As he crossed the track of Sherman’s march to the sea, west of Savannah, Dominick wondered if he could have marched three hundred miles in crappy boots with a pack on his back and a Springfield musket on his shoulder. People walked more back then. Things took more time. His cruise control was set at 75 mph. Three hundred miles—Atlanta to Savannah—was a four-hour drive. Of course, he wouldn’t be doing any fighting or pillaging along the way. He would leave the pillaging to his half sister. Barnett had told him that Amanda had cleaned out the house and sold it. Quick work. Dominick wondered what she had done with that collection of grotesque modern art the Greek guy had left at the house when he went to jail. Marjorie sure could pick them. He stopped for the night outside of Fayetteville.
The next night he checked back into the Mansion House Suites in Alexandria, and it took only two days to settle things up with Barnett, get all the papers signed and everything. Dominick was surprised that Amanda had decamped. “Where did she go?” he asked Barnett.

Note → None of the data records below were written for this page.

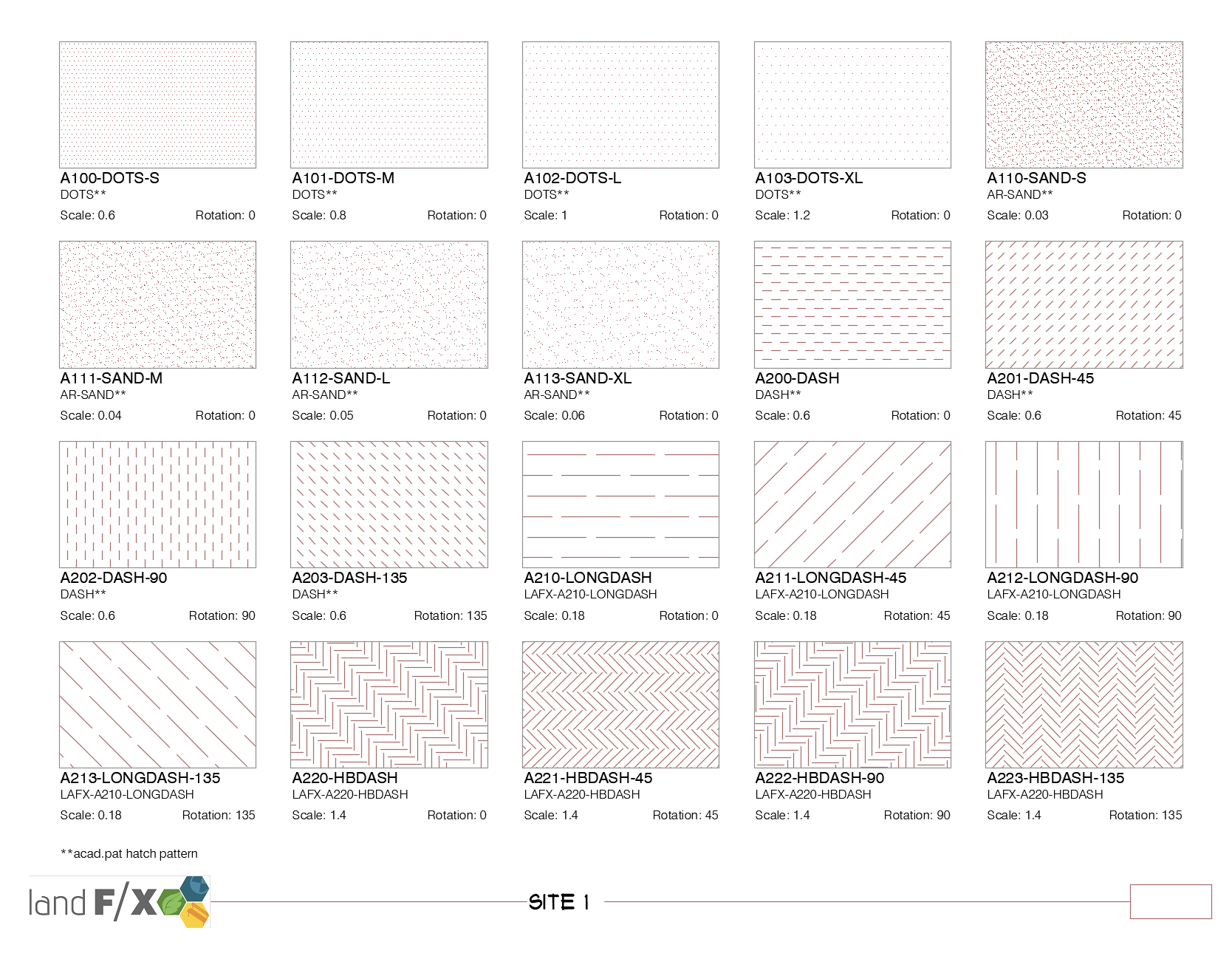 Hatch patterns printout, examples of patterns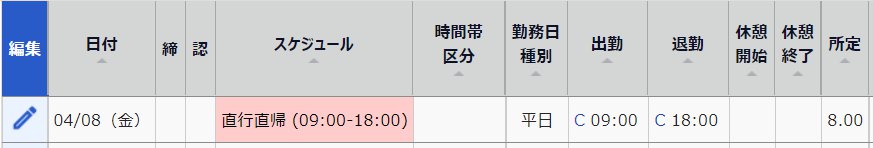 タイムスケジュール画面の直行直帰のみなしスケジュール部分のスクリーンショット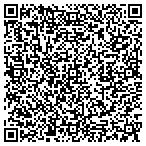 QR code with Spiritual Creations contacts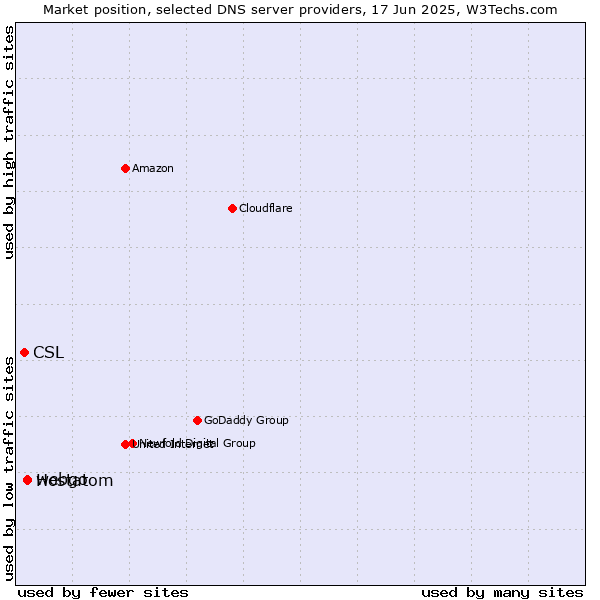 Market position of webgo vs. Hostatom vs. CSL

“Home, I guess, somewhere up north, in New York. She’ll be glad for the release of funds. She seemed sort of desperate for them before she left.” They
were having drinks in one of those hushed, oak-lined bars lawyers were so fond of. The celebratory drinks were Barnett’s idea. “Have you met Amanda’s friend Morgan Custis?” he asked.
“No. What about him?”
“Not him, her. Morgan is a woman, Amanda’s counsel, interesting woman. I was just wondering if you knew her.”
“A Morgan le Fay?” Dominick asked.
“I wouldn’t know what that means.” Barnett took a sip from his Rob Roy.
“Doesn’t matter. Just an old English name, something from prehistory. What about her?”
“Oh, nothing specific. I just found her … ah, interesting, as I said, that’s all. Well, interesting and attractive in a dangerous way.”
Dominick looked around the bar, allowing the clumsy silence between them to linger like second-hand smoke. Ah, hormones, chemical attraction kicking in. Hormones were like dope, bad dope because they made you do stupid things. Other people’s private lives, especially their love lives, held zero interest for Dominick. It was the opposite of curiosity, whatever that might be.
“Oh, by the way, she did want you to contact her, either call or e-mail. She left me her card to give you.” Barnett pulled a flat leather card case out of his bespoke suit pocket, found the card, and handed it across to Dominick. It was a very simple if embossed business card: just Morgan M. Custis, Esq., Attorney-at-Law, and below that in the right corner a phone number and an e-mail address. He turned it over. There was nothing written on the back.
“She implied there was some unfinished business,” Barnett said. “It wouldn’t hurt to stay in touch. There still may be more wrinkles down the road. I would get your share of the estate account closed out ASAP, by the way, shut down that possible complexity.”
“Yes, of course,” Dominick said, putting Ms. Custis’s card into his pocket. “Where in New York is Amanda living? Did you say?”